GIVEN DATA Start Marker
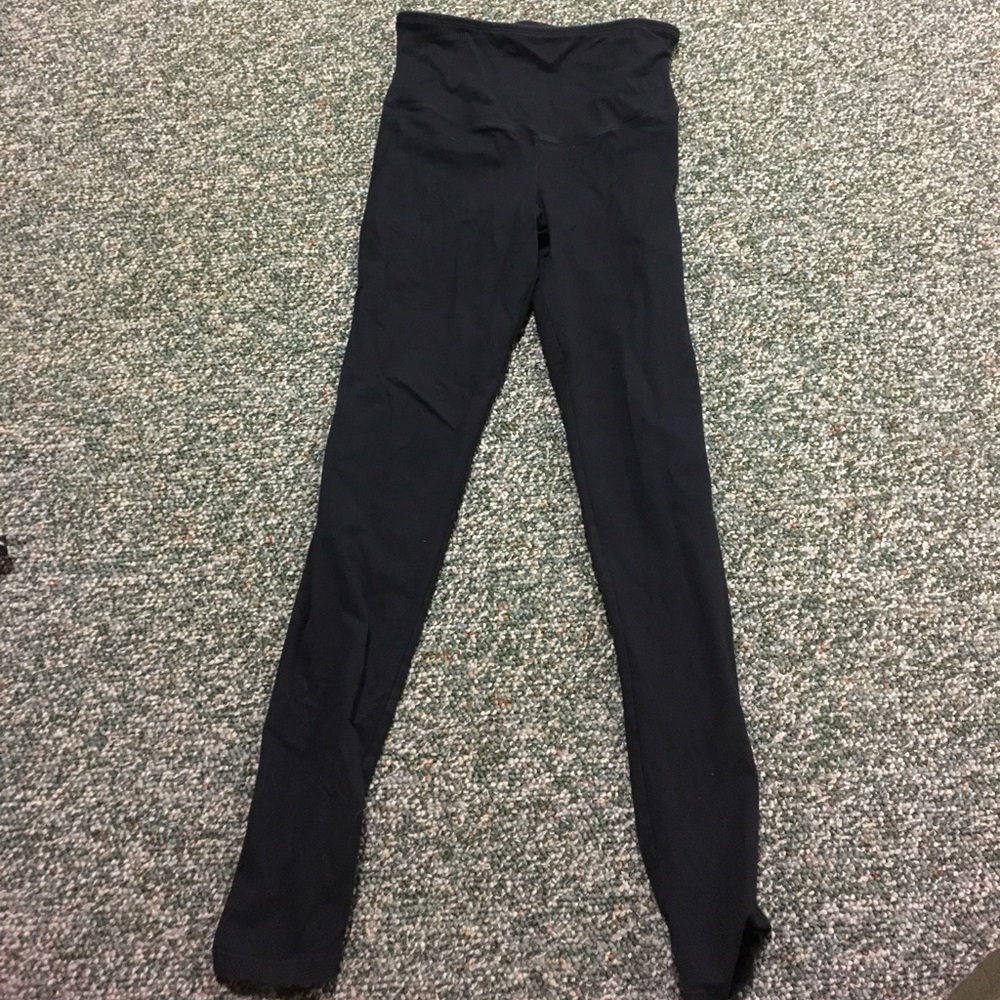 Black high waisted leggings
GIVEN DATA End Marker
GIVEN DATA Start Marker
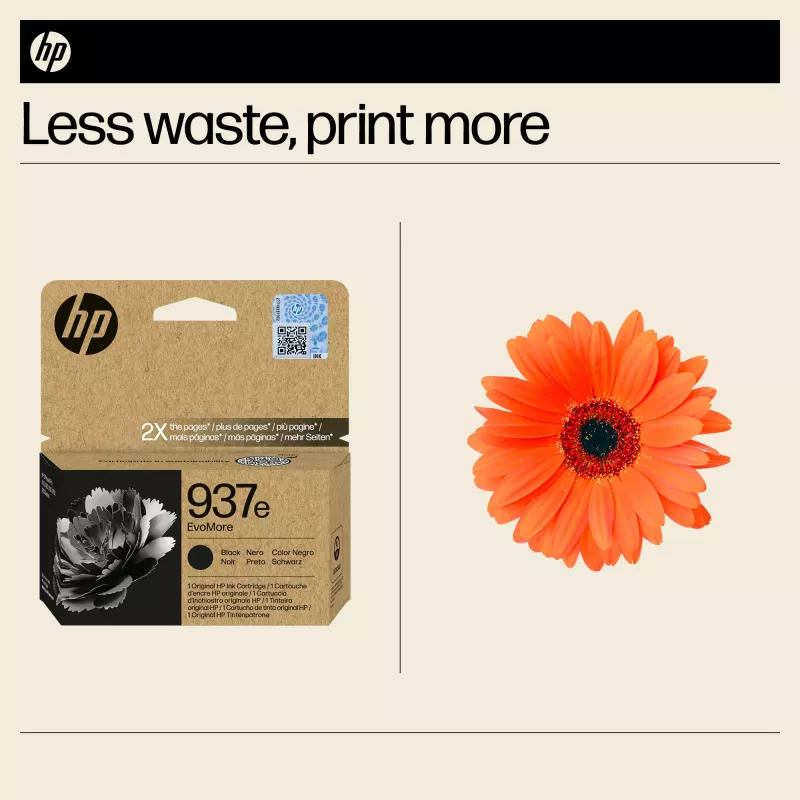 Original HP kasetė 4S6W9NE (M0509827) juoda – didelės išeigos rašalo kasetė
GIVEN DATA End Marker
GIVEN DATA Start Marker
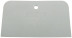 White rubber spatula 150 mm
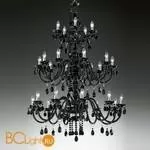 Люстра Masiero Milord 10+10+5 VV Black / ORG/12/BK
GIVEN DATA End Marker
WORK REQUEST: Quote the lines above exactly, starting with the one that has "White rubber spatula 150 mm" and ending with the one that has "Люстра Masiero Milord"; drop the pictures and include nothing else.

RESPONSE FOR THIS EXERCISE:
 White rubber spatula 150 mm
 Люстра Masiero Milord 10+10+5 VV Black / ORG/12/BK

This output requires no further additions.